The proposed charter does NOT meet the most fundamental elements of what constitutes separation of power and checks and balances as presented in Federalist 51: i.e., the means of keeping the legislative and executive authority “in their proper places” and “…  so constituted that the members of each should have as little agency as possible in the appointment of the members of the others.”

A few examples:

The city council cannot even appoint its own clerk unless the clerk is nominated by the city manager.

The city manager can unilaterally fire the clerk to the city council.

The council can appoint the city attorney only from a list provided by the city manager.

It has already been noted, but warrants repeating, that the mayor and the city council will, by default, share the executive power.

The executive and legislative functions are not separated but rather co-joined and indistinguishable.

Council members are prohibited from dealing with city officials and employees.

Council Members Prohibited From ‘Dealing’ with City Officers and Employees

Advocates of a ward system argue that it would result in greater representation.  Residents, they argue, of each ward would have a direct link to their council member, someone who could address their  neighborhood concerns, resolve local issues and respond to inquiries.   But the proposed charter actually prohibits the council access to city officials and employees who have the resources, institutional knowledge and responsibility to respond.

Under the title Prohibitions, Section 2.08 C. of the proposed charter includes the following: “ …the City Council or its members shall deal with City officials or employees who are subject to the direction and supervision of the City Manager solely through the City Manager.”

Such a “prohibition” serves to limit a council members ability to seek out answers to constituent questions, address concerns or bring city resources to bear on identified problems in a neighborhood.  Why create a ward system – presumably to increase accountability – and then hobble the ward representative’s ability to address constituent needs and concerns?  

For example,  a group of residents in Ward 1 have a concern about a  drainage problem.  They ask their council member to address the issue but the council member cannot approach the city engineer or the Public Works Department.  The charter prohibits it.  The council member must present the matter to the City Manager who, in turn, presumably would ask the city engineer to investigate.  Then what?  Who knows?

Or imagine a constituent asks a council member a property assessment question.  The council member is not allowed to speak to the city assessor.  This is not representative government and it will not work.

Other Views

It is noted that two former commissioners of public safety, Ron Kim and Chris Mathieson, have come down squarely on the side of the proposed charter.

Former Mayor Ken Klotz argues in favor of keeping the current government which, notwithstanding the significant administrative and budgetary changes approved in 2001, has maintained the same form since 1915.  Ken specifically cites a council made of representatives of six city wards rather than at-large representatives for his opposition.  

I know, campaigned for and supported all three.  As members of the City Council they often acted with the political courage all too often absent in government.  I consider them friends but on this issue I disagree with all three.

I disagree with Ken on the question of form not on his opposition to a ward system.  And I believe Ron and Chris’s advocacy for a council/management form is misplaced because, again, it fails to establish a separate legislative and executive branch.

And I think Barbara Lombardo’s recent piece makes for a strong argument against the proposed ward system.

There are other legitimate concerns about the proposal but these are enough for now.  If adopted I hope the community will not end up with buyers’ remorse.

3 thoughts on “Former Commissioner of Public Safety Lew Benton Opposes Current Charter Change Proposal: Excellent Piece Exposes False Claim That New Charter Will Have Separation of Powers”

  1. Excellent and well thought of review by Lew.
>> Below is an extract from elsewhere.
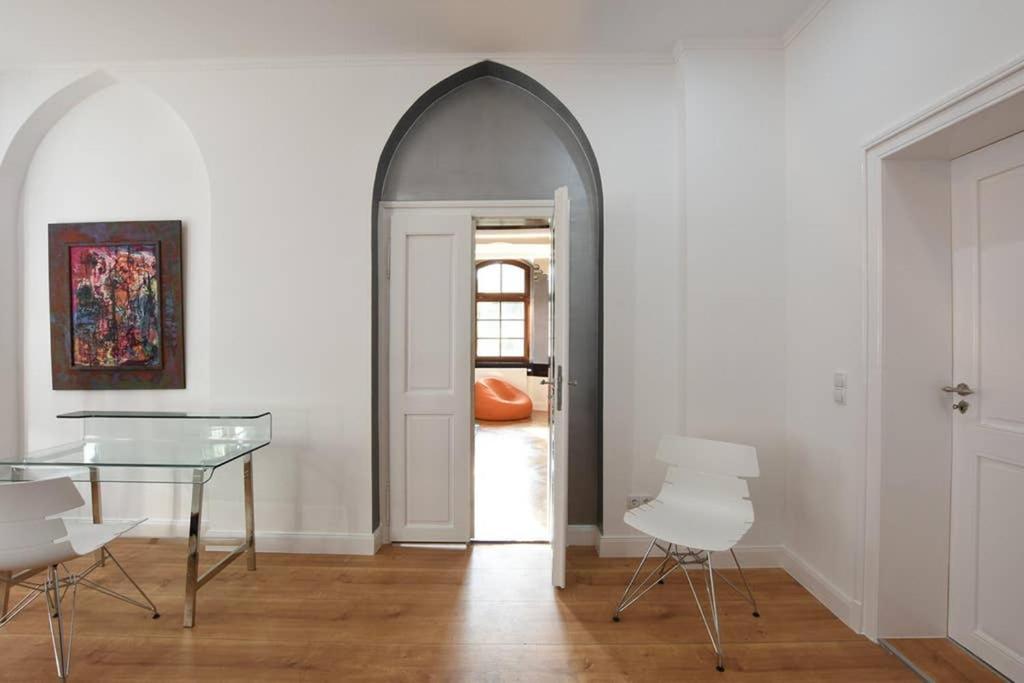 6,5 Luxury Room Apartment - Central Zwickau - 3 Bedrooms - 2 Bathrooms エクステリア 写真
I just hope it gets to the right people including the electorate who says “change is good” without knowing what the change is. Generally; I am not a conspiracy theorist, but am believing that there are alternative motives in desiring this form of government. It would not be better for the city.

    Liked by 2 people

  2. This was an excellent and detailed post. It is difficult in this day and age to effectively communicate as the electorate has fundamentally changed, and long format articles and journalism are not as widely read as they used to be.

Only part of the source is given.